The running location identification unit 440 of the management server apparatus 410 and the track displacement output unit 132 provided to the railroad car 20 are communicatively connected to each other via the communication apparatuses 350 and 450 and the communication network 380. The communication network 380 may be a wired or wireless communication network, and may be a combination of the wired and wireless communication networks. The communication network 380 may be a public communication network or a communication network using a dedicated line.

The displacement data 349c stored in the storage 349 of the railroad car 20 is transmitted to the management server apparatus 410 via the communication network 380, and stored in the storage 411. Data may be transmitted from the railroad car 20 to the management server apparatus 410 in real time each time the data is acquired, or may be transmitted each time the railroad car 20 stops at a station and the like.

The management server apparatus 410 performs processing similar to the processing described in the above-mentioned second embodiment based on the displacement data 349c to make determination of the running location of the railroad car 20 and the line type and the like, and stores the results of determination as the historical map data 149d on actual running of the railroad car 20.

That is to say, this example is one aspect in which, in the running location identification system 130 for railroad cars in the second embodiment, the track displacement output unit 132 is mounted to the railroad car 20, the running location identification unit 440 corresponding to the running location identification unit 40 is provided to the management server apparatus 410, and they are communicatively connected to each other via the communication network. The speed computation unit 143, the running distance computation unit 144, the vertical displacement computation unit 148, the displacement data conversion unit 147, and the like may be implemented in either the railroad car 20 or the management server apparatus 410. If the speed computation unit 143, the running distance computation unit 144, the vertical displacement computation unit 148, the displacement data conversion unit 147, and the like are implemented in the management server apparatus 410, processing performed in the railroad car 20 can be lighter, and the amount of data transmitted to the management server apparatus 410 can be smaller.

The management server apparatus 410 is communicatively connected to a plurality of railroad cars 20, and can manage actual running history of the plurality of railroad cars 20.

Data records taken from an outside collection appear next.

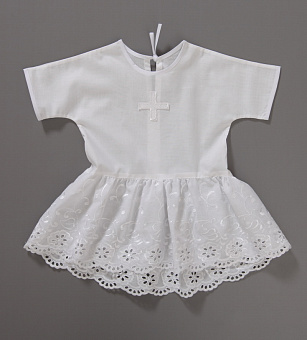 Крестильная рубашка для девочки №18 Крестильная рубашка для девочки №18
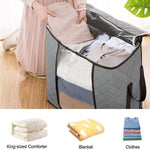 Quilt Storage Bag Foldable Clear Window Dust & Moisture Protection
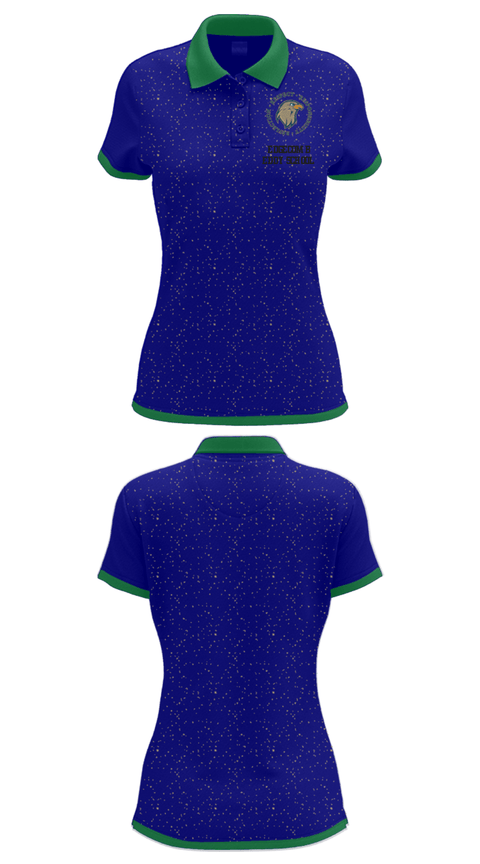 Women's Short Sleeve Performance Polo, Edgecomb Eddy School, Spirit Store, Teamtime, Team time, sublimation, custom sports apparel, team uniforms, spirit wear, spiritwear, sports uniforms, custom shirts, team store, custom team store, fundraiser sports, apparel fundraiser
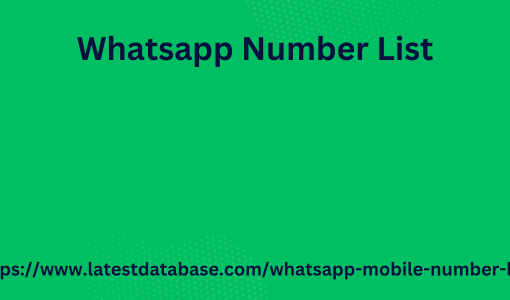 WhatsApp Mobile Number List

According to this example, it is only necessary to incorporate, into the railroad car 20, an apparatus at least including the track displacement output unit 132, herein, an apparatus including the track displacement output unit 132, the latitude and longitude computation unit 142, the GPS reception unit 151, and the communication apparatus 350. Compared with a case shown in the second embodiment, there is an advantage that a configuration of the apparatus incorporated into the railroad car 20 can be simplified.

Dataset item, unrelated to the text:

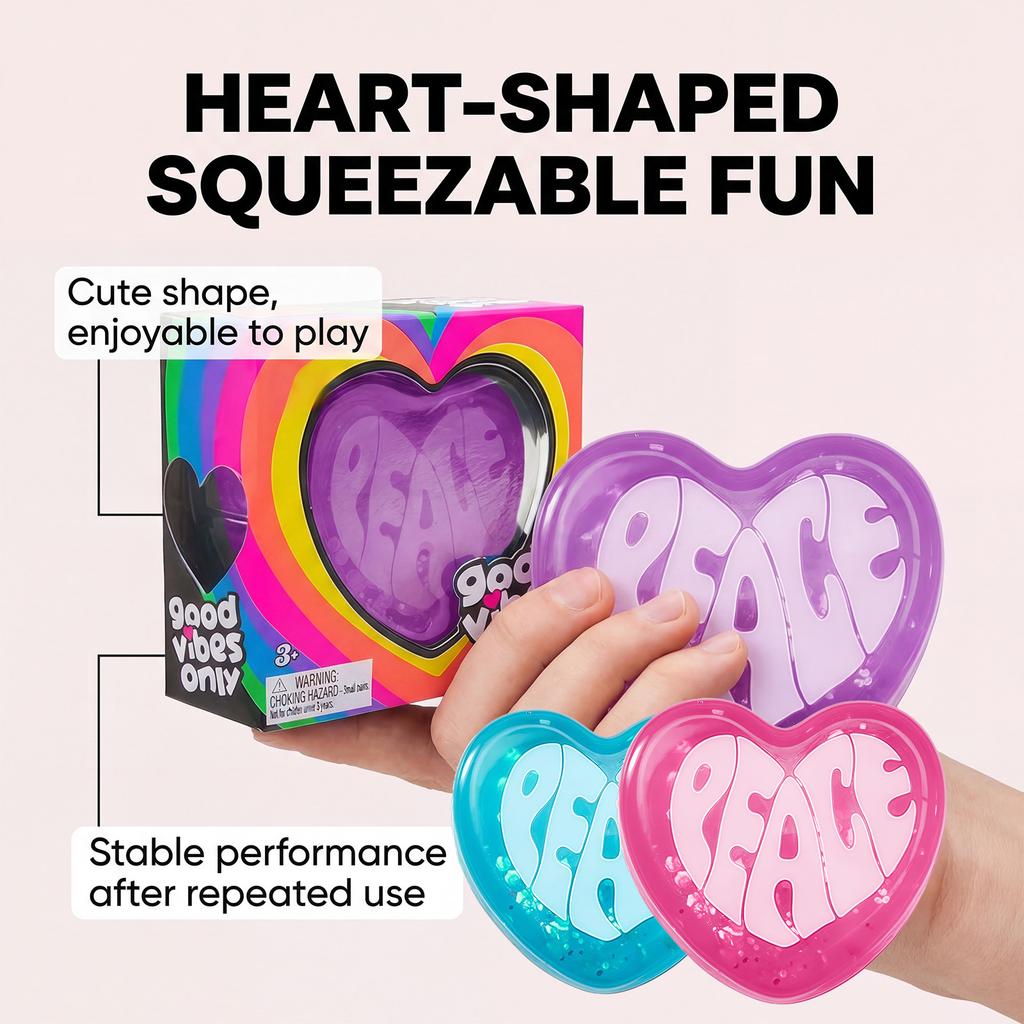 In Stock Needoh Heart Squishy Toy Blind Box Cute Shape Stress Relief Soft Slow Rebound Fun Portable Surprise Gift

Furthermore, as the management server apparatus 410 can comprehensively manage the running history of the plurality of railroad cars, it is suitable for management of the state of the track 10.

Configurations described in the above-mentioned embodiments and modifications can be combined with each other as appropriate unless any contradiction occurs.

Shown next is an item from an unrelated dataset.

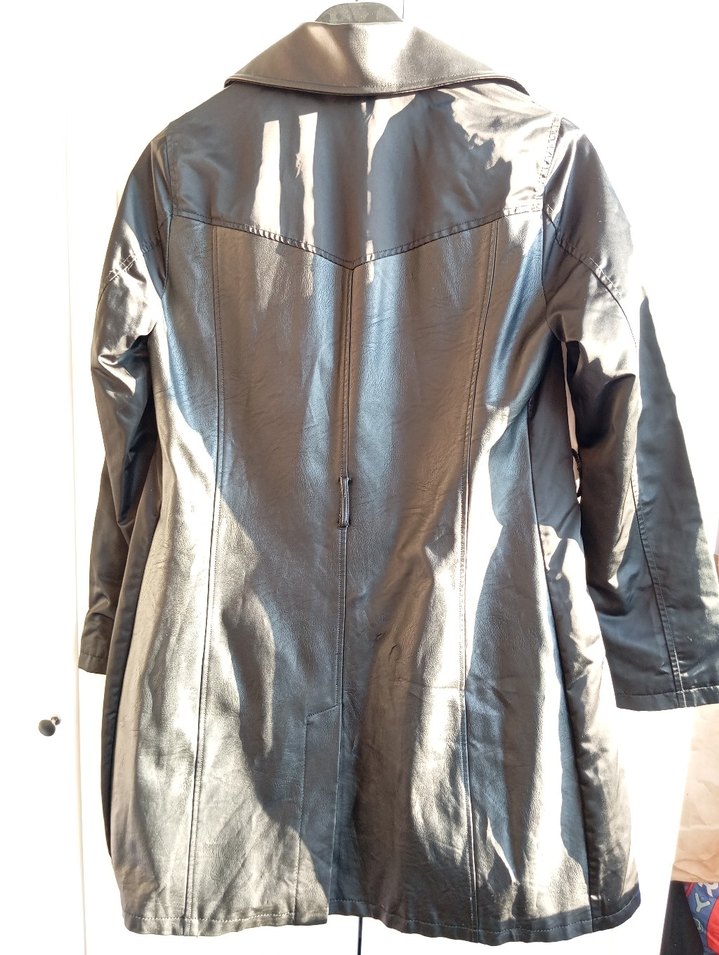 Deri Midi Trençkot - Görsel 3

For example, one or more of configurations, such as the running distance computation unit 144, the displacement data conversion unit 147, and the vertical displacement computation unit 148, described in the second embodiment can be incorporated into the running location identification system 30 for railroad cars described in the first embodiment. For example, a configuration in which the running distance computation unit 144 described in the second embodiment is incorporated into the running location identification system 30 for railroad cars described in the first embodiment, a configuration in which the displacement data conversion unit 147 described in the second embodiment is incorporated into the running location identification system 30 for railroad cars described in the first embodiment, and a configuration in which the vertical displacement computation unit 148 described in the second embodiment is incorporated into the running location identification system 30 for railroad cars described in the first embodiment are possible.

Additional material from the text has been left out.